> _Problem_
Only the line containing "DAIHATSU HIJET CARGO" and those after it, up to the end of the records below, are to be set down, exactly as written.

Given data below:

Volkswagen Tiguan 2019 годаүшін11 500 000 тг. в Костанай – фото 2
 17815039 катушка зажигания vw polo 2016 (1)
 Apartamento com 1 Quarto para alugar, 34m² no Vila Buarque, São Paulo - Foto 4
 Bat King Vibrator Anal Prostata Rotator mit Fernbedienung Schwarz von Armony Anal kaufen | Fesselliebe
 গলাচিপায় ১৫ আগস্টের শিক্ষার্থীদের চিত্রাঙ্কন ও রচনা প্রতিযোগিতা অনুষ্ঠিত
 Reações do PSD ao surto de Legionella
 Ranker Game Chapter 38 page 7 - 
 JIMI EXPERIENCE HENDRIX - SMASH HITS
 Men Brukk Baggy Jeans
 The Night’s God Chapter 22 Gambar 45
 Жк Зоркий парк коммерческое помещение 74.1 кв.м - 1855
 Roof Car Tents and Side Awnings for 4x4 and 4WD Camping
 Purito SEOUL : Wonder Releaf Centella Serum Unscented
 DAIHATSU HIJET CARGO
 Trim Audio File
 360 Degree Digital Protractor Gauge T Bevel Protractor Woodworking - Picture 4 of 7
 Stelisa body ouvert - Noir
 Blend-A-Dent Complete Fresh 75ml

End of Given data.

> _Response for this exercise_
 DAIHATSU HIJET CARGO
 Trim Audio File
 360 Degree Digital Protractor Gauge T Bevel Protractor Woodworking - Picture 4 of 7
 Stelisa body ouvert - Noir
 Blend-A-Dent Complete Fresh 75ml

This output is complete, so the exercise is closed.